October 26th, 2015 2:57am

Just Say What You’re After


Peaches “Dumb Fuck”

Peaches sings this song from the perspective, more or less, of the sort of person Heather Havrilesky has been telling people to be over the past few years of her Dear Polly column. Which is to say, she’s being direct and honest and not buying into the insecurity-masquerading-as-politeness that allows tepid dudes to keep on being flakey and indecisive with impunity. Peaches isn’t fucking around here – she wants to define the relationship, or move on. She doesn’t really want to dump the guy, but she’s flustered by how dense he’s being. So what do you do if he doesn’t have a clue? You just call him a dumb fuck over and over until the exasperation turns into catharsis. Yet another great lesson from the teaches of Peaches.

Buy it from Amazon.



October 22nd, 2015 12:35pm

Love Letters In Motion


Eleanor Friedberger “False Alphabet City”

“False Alphabet City” is basically a song in which Eleanor Friedberger deals with the frustration of having nostalgia for a version of a neighborhood that doesn’t really exist anymore, and feeling like maybe you don’t really belong in that space anymore. This could easily be a more maudlin or angry song, but the feeling of the music is very relaxed, and at least to me feels like going home. Everything sounds familiar – the shape of things, the sense of space, even if the details are off. It sounds like a much looser version of the aesthetic The Fiery Furnaces had on Widow City and I’m Going Away, with the more rigid rhythmic structures swapped out for groovier bass parts and a lot more hi-hat. You can’t really go back but you can get close enough sometimes.

Buy it from Amazon.



October 21st, 2015 12:55pm

She Never Really Sleeps


Beach House “One Thing”

It’s easy to write Beach House off as a one trick pony; they have a very narrow aesthetic and never stray from it. Releasing two albums in the span of a couple months might seem like overkill, and maybe it kinda is, but it’s a clever move in that it highlights just how different their records can be while essentially being iterations of the same thing. Thank Your Lucky Stars sounds more open and airy than the highly claustrophobic Depression Cherry, and it feels more dirty, worn, and scuffed-up in comparison. The previous record sounded like hiding from the world; this one is more about being weathered by it. Also, unlike the three Beach House records before it, Thank Your Lucky Stars sounds like it’s made by people willing to make eye contact with you.

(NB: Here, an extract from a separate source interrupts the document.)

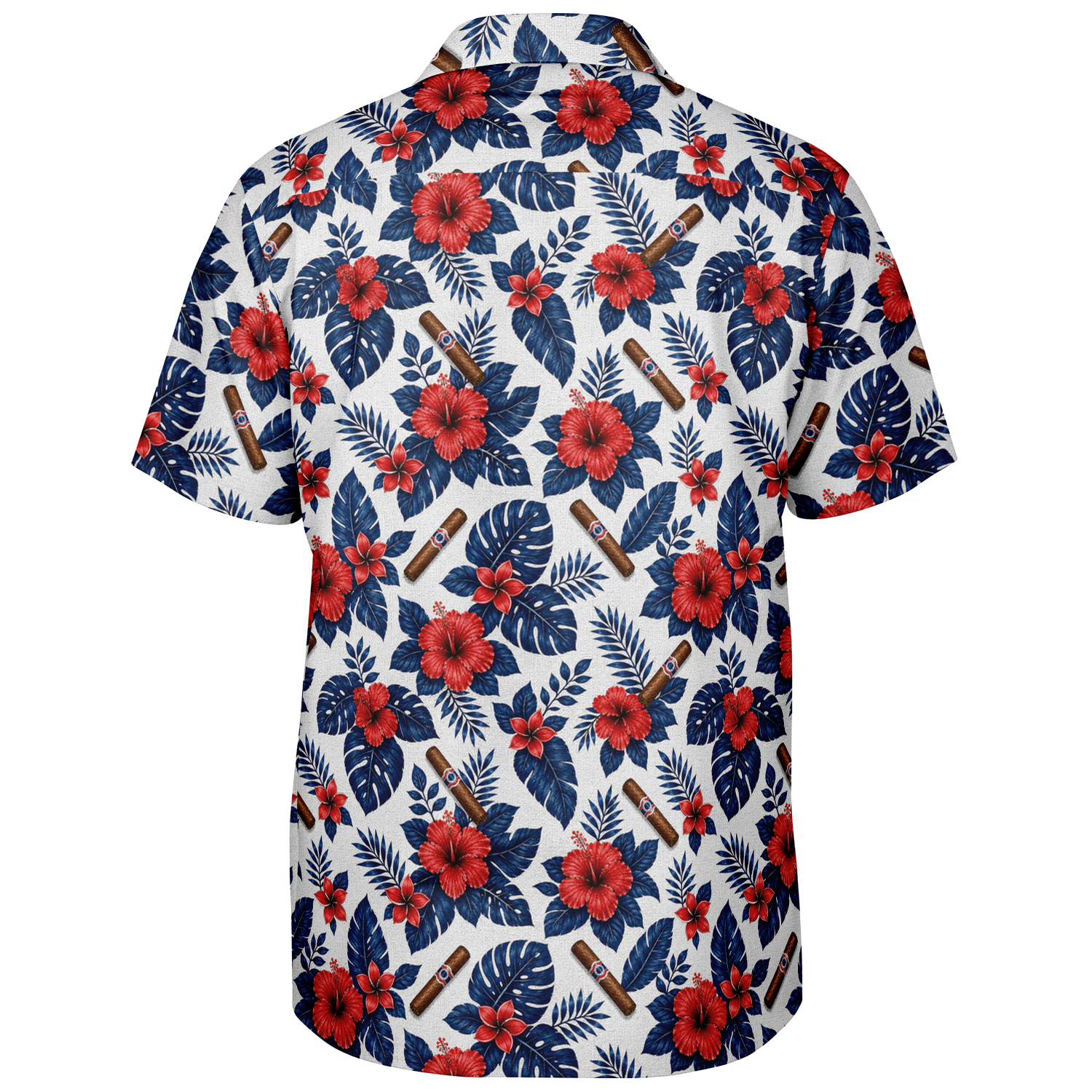 Tropical Smoke no.16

“One Thing” is the most abrasive and beautiful thing on the record, and maybe their entire catalog. It’s built on a chugging chord pattern, and centers on guitar rather than keyboards. There’s a wonderful ambiguity to the mounting tension – is it fear, is it anticipation, is it lust, is it violence? Is it all of it at once? It’s a very sexy and romantic song without being obvious about anything, or even slightly sentimental. Victoria Legrand’s lyrics hint at a tension and some kind of sexual and emotional entanglement, but the lack of clarity seems to be the point. It’s never clear exactly what’s happening, and that’s why it’s such a powerful experience, or strong feeling.

Buy it from Amazon.



October 19th, 2015 12:37am

1988 Survey Mix


1988icon

This is the second in my series of 1980s survey mixes, which are designed to give more context to the music of that decade. Most versions of ‘80s history focus on specific niches and canons, but mostly ignore or write off parallel and overlapping cultural trends. My goal in doing this project is to highlight all the different things going on from year to year, to better understand the original context of familiar songs and to highlight a lot of the music that has faded from cultural memory.

There’s a lot going on in 1988, but the thing that really hit me was how much of what was going on at that moment was in some way transgressive or deliberately abrasive. I think that’s all a very obvious reaction against the ultra-glossy music of the mid-‘80s and the hyper-conservative politics of the Reagan era. A lot of that vibe is still going strong in ’88, but if you listen to this set, you can feel the overall mood shifting towards the aesthetics of the early ‘90s, particularly in terms of alt-rock and hip-hop.

A word about chronology: I am trying to stick to the things that were actually released for the first time in each year, but am allowing some major records that were promoted over a few years to be represented in both. That’s why George Michael, INXS, Guns N’ Roses, Belinda Carlisle, and Michael Jackson are featured in this set. UB40’s “Red Red Wine” was originally released in 1983, but the mix included here was issued in 1988 and became a #1 hit in the United States.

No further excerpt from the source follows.